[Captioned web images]

____________

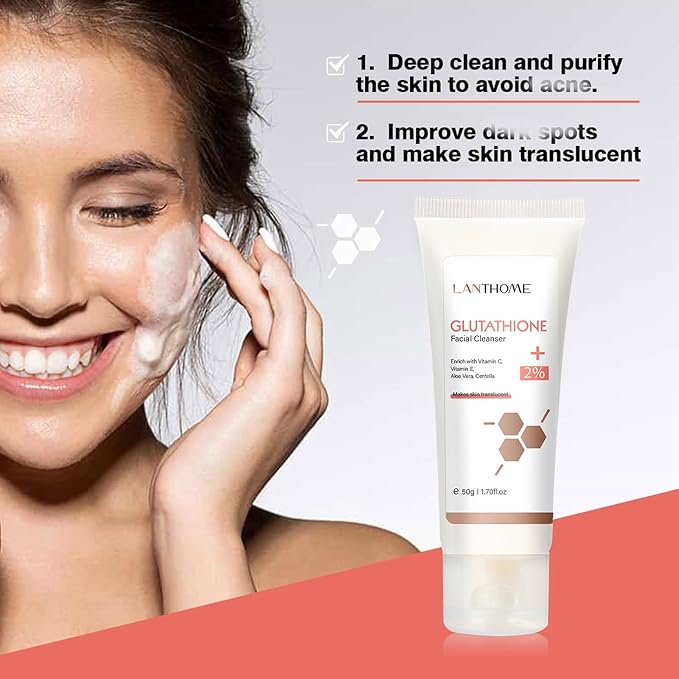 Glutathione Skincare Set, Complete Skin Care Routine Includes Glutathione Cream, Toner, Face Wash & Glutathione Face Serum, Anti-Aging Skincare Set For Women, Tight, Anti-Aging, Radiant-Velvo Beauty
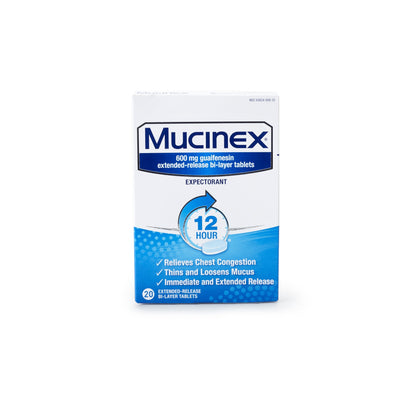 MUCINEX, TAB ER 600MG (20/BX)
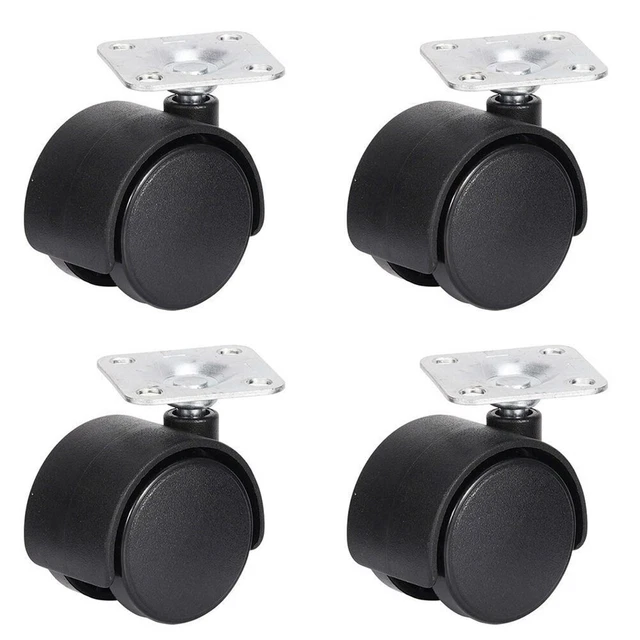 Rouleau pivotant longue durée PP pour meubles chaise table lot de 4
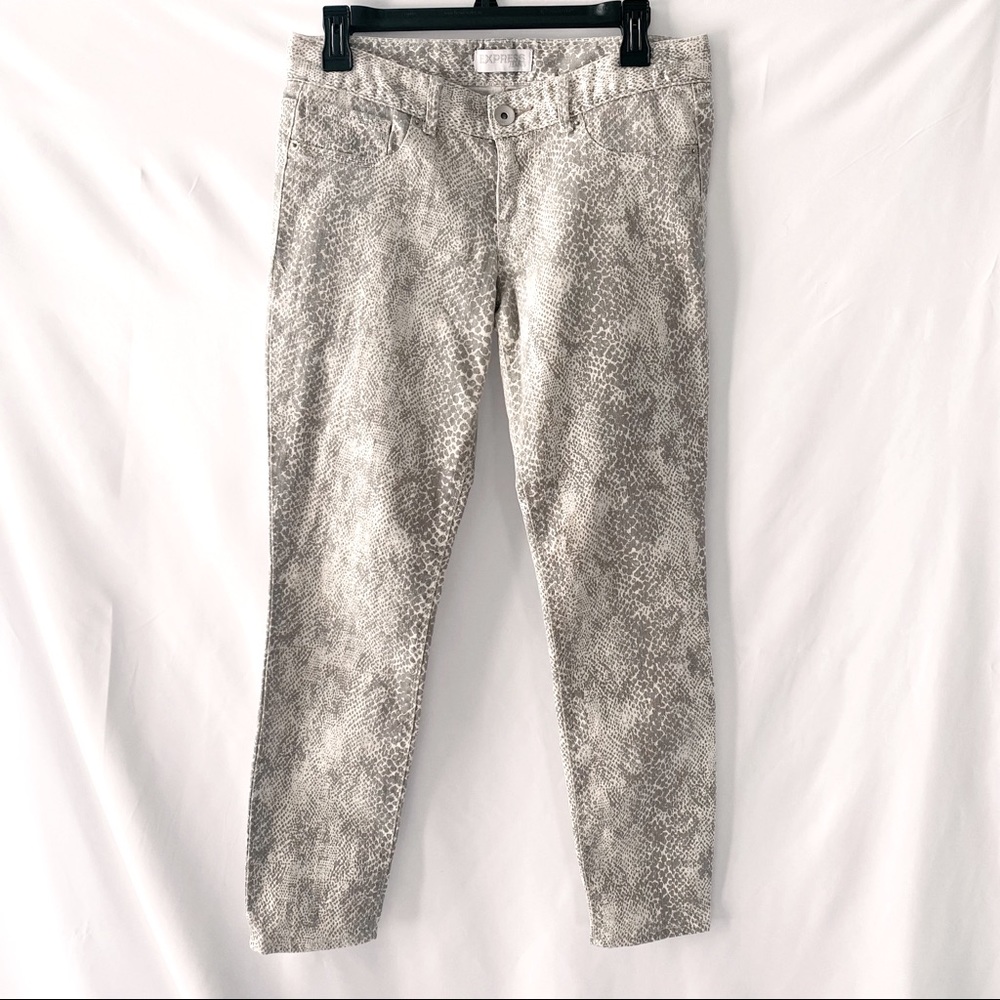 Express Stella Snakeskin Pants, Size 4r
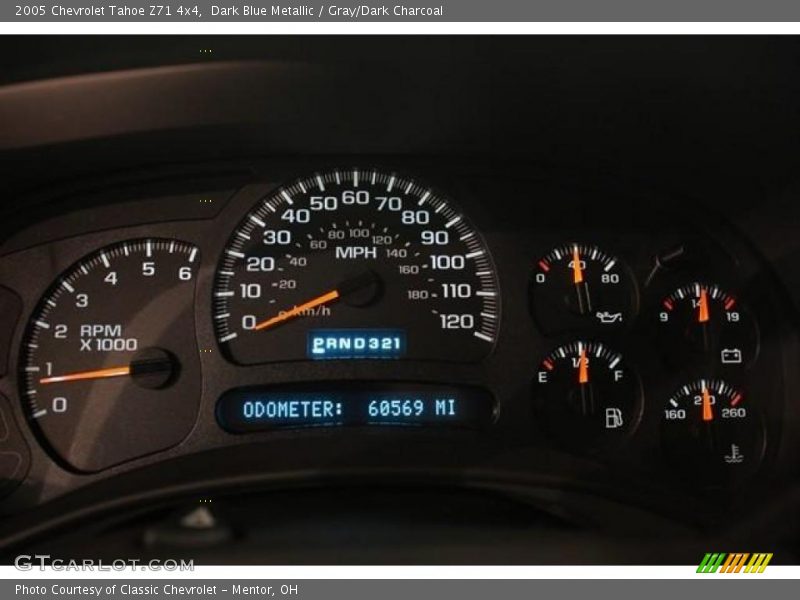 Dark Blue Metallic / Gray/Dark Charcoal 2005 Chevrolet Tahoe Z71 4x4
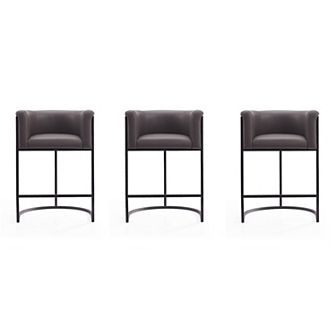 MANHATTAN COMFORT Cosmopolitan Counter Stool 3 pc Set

____________

→ Task to complete
Copy the entries precisely, images excluded.

→ Answer for the task
 Glutathione Skincare Set, Complete Skin Care Routine Includes Glutathione Cream, Toner, Face Wash & Glutathione Face Serum, Anti-Aging Skincare Set For Women, Tight, Anti-Aging, Radiant-Velvo Beauty
 MUCINEX, TAB ER 600MG (20/BX)
 Rouleau pivotant longue durée PP pour meubles chaise table lot de 4
 Express Stella Snakeskin Pants, Size 4r
 Dark Blue Metallic / Gray/Dark Charcoal 2005 Chevrolet Tahoe Z71 4x4
 MANHATTAN COMFORT Cosmopolitan Counter Stool 3 pc Set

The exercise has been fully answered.